*** Opening of DATA ***
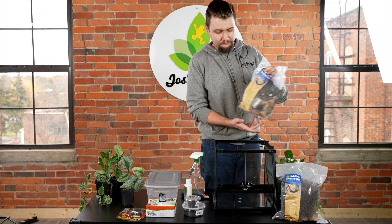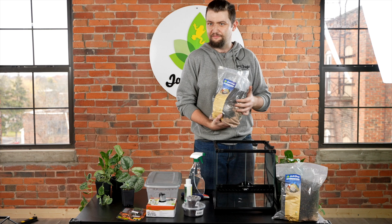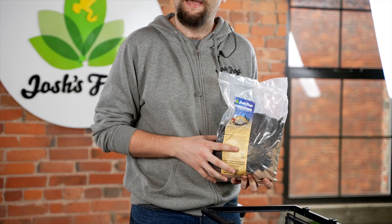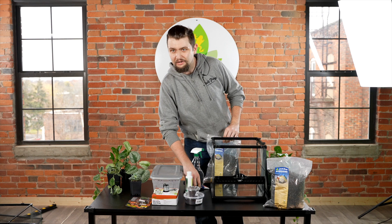We highly recommend using our desert bioactive substrate. It's been packed full of good stuff like activated charcoal and sphagnum moss. It's designed to play nicely with your desert arid species, so you're not going to have the entire enclosure soaked with a bunch of ambient warm humidity inside. I'm going to walk you through step by step and show you how to get this all set up and going.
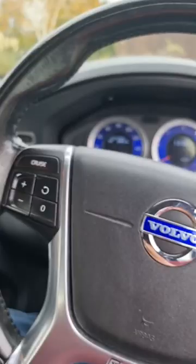All you need to do is put the key in the dash like that, press and hold the right hand stalk up, and there you go. Wipers stay in the service position.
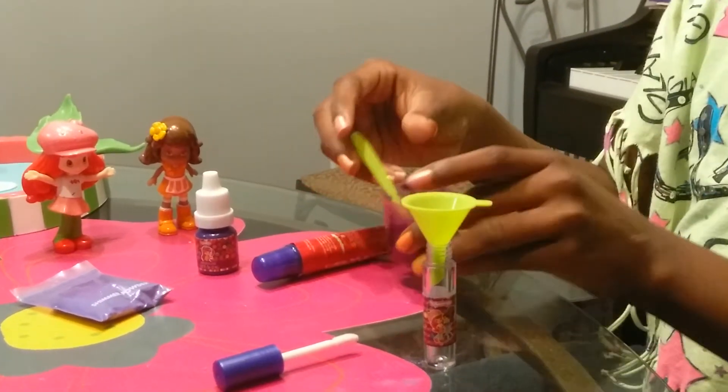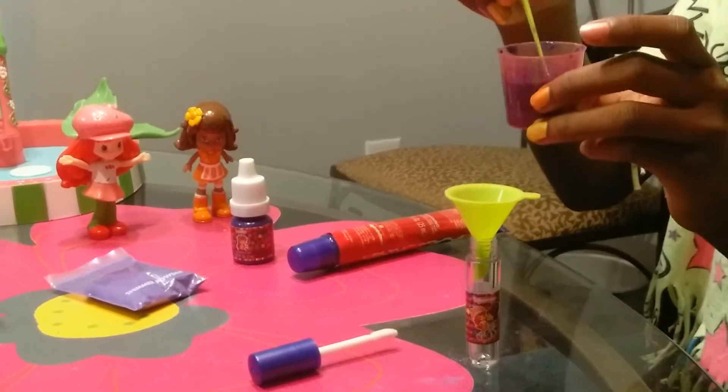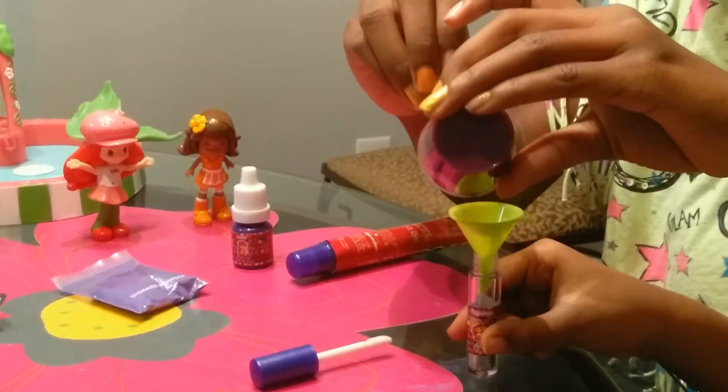And then after you stir it, hold it. Then you pour it into the bottle.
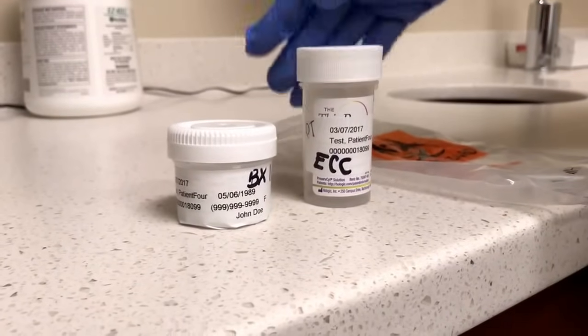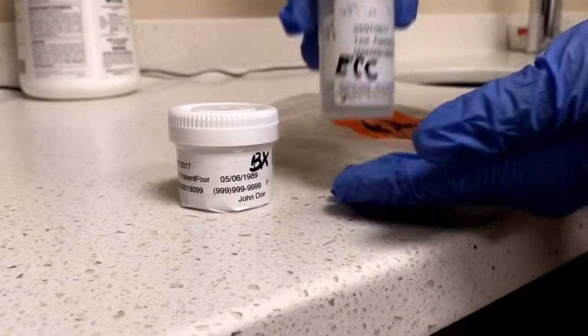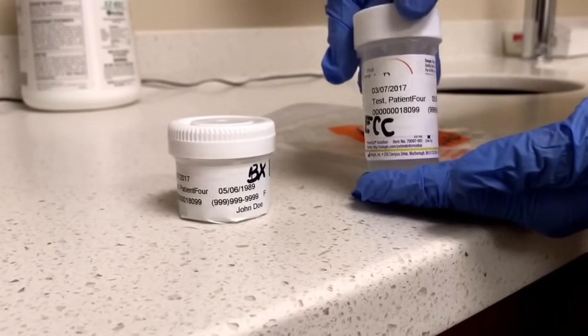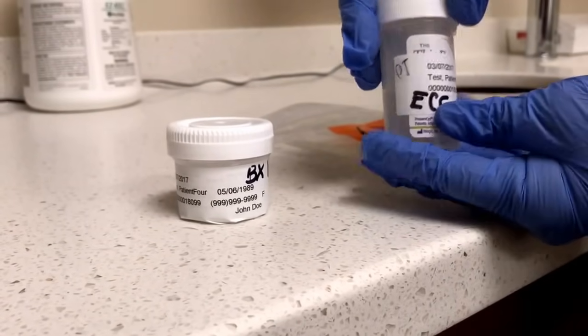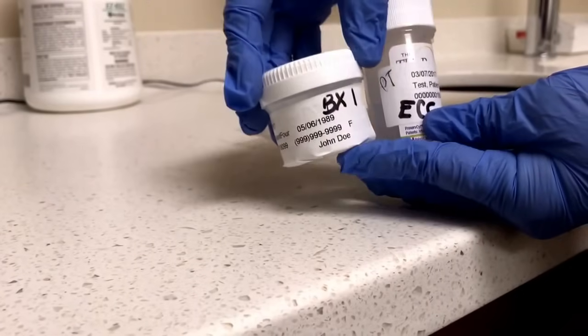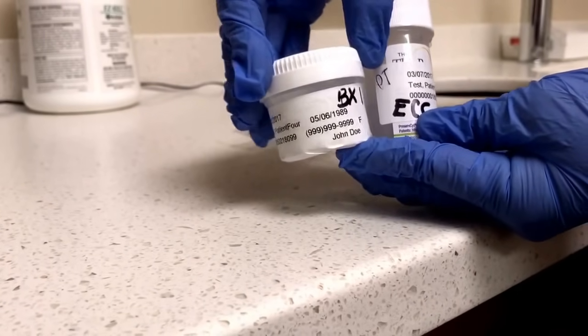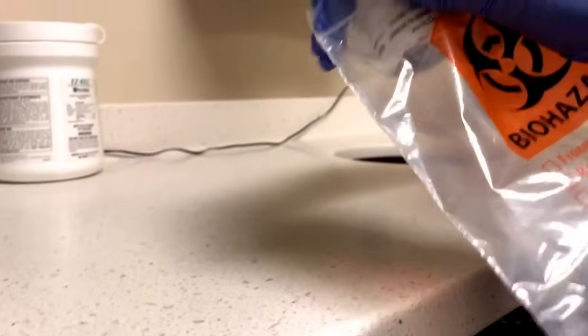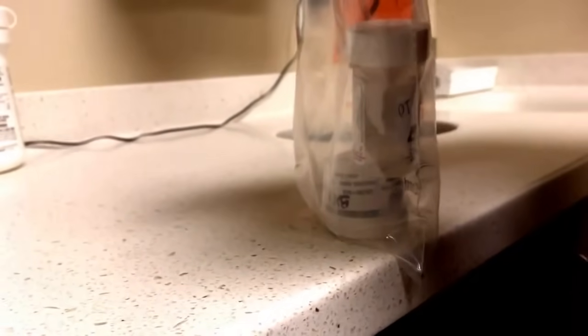After the procedure has been completed, you want to verify that the label is on there and again initialed. You want to make sure that you have ECC written on the first vial, and on the second vial, where that biopsy came from. When that has been completed, you can place it into the bag and print off the requisition when it is ordered.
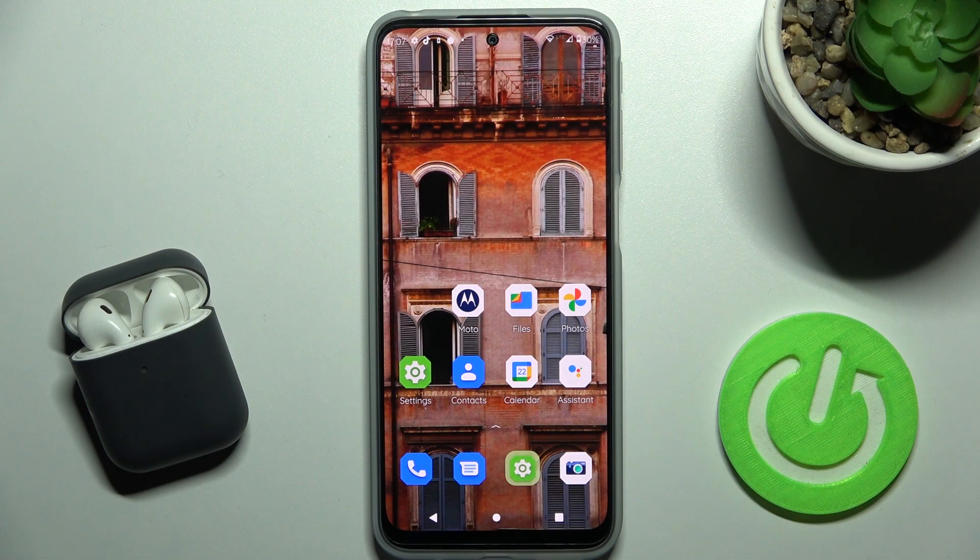Welcome to this tutorial on the Motorola Moto G31. I'll show you how to change the SIM PIN on this device.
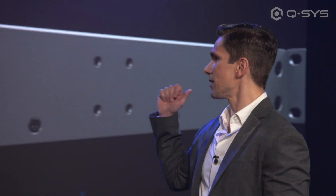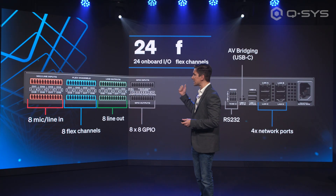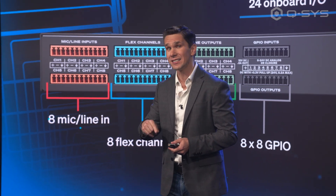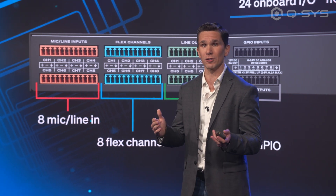Let's flip this one around. Going from left to right: eight channels in, eight channels out, eight channels flex. So you get to decide what those eight channels do.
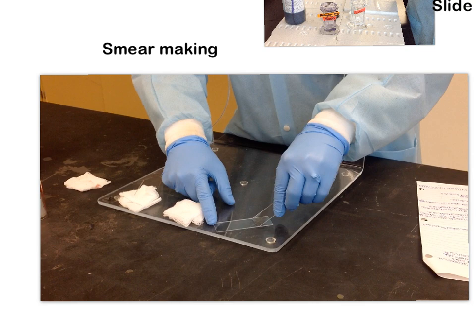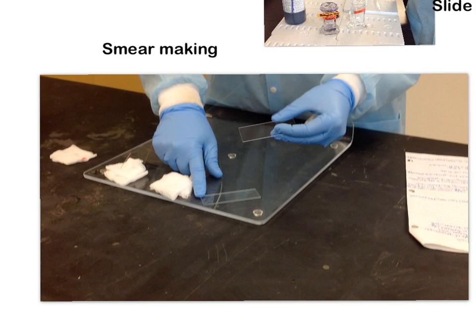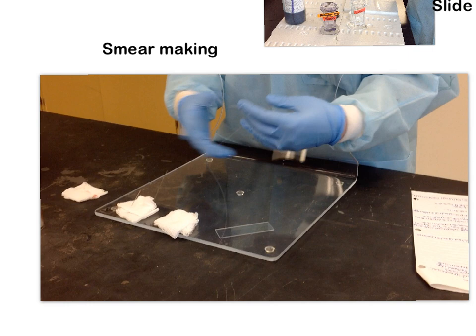If you use too much pressure, you're going to end up with short, jagged smears, and there's also the potential that you could break your spreader slide, sending shards of glass flying — which your neighbors will not appreciate. If you don't use enough pressure, your slides are going to be super long and watery and won't be useful.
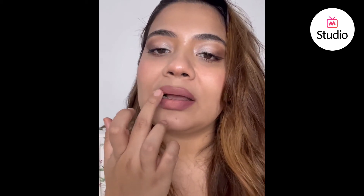Now the Smashbox shade just by itself is very light for me to wear and washes me out, but when I add it into the center it gives me the perfect pout. I'm using the warmth of my finger to move it around.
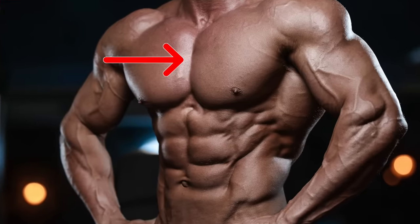What's up, guys? Jeff Cavaliere, ATHLEANX.com. Today we're talking about the inner chest — that middle chest line that makes the chest what it is.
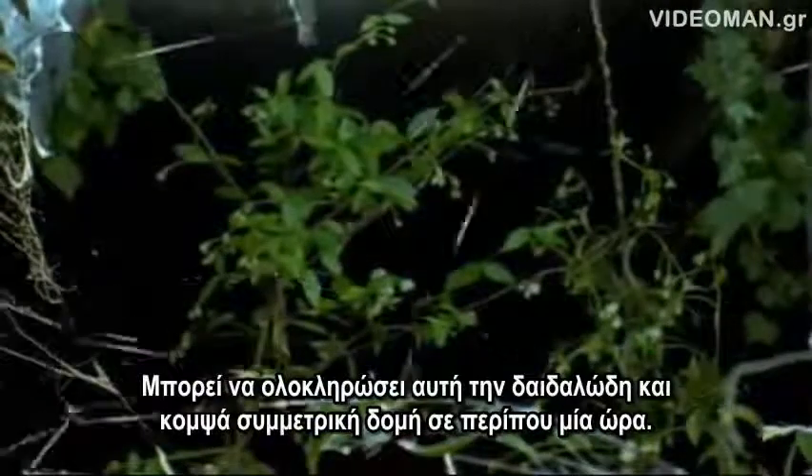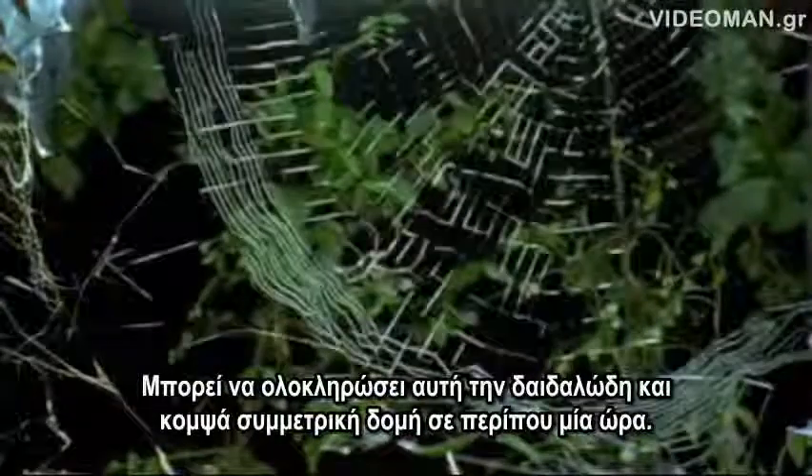She can complete the whole intricate, elegantly symmetrical structure in about an hour.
*** Close of DATA ***
- [ASSIGNMENT] Copy back exactly the lines above from the one containing "Welcome to this" through the one containing "What's up, guys?", and leave every picture behind.

- [EXPECTED ANSWER]
Welcome to this tutorial on the Motorola Moto G31. I'll show you how to change the SIM PIN on this device.
Let's flip this one around. Going from left to right: eight channels in, eight channels out, eight channels flex. So you get to decide what those eight channels do.
If you use too much pressure, you're going to end up with short, jagged smears, and there's also the potential that you could break your spreader slide, sending shards of glass flying — which your neighbors will not appreciate. If you don't use enough pressure, your slides are going to be super long and watery and won't be useful.
Now the Smashbox shade just by itself is very light for me to wear and washes me out, but when I add it into the center it gives me the perfect pout. I'm using the warmth of my finger to move it around.
What's up, guys? Jeff Cavaliere, ATHLEANX.com. Today we're talking about the inner chest — that middle chest line that makes the chest what it is.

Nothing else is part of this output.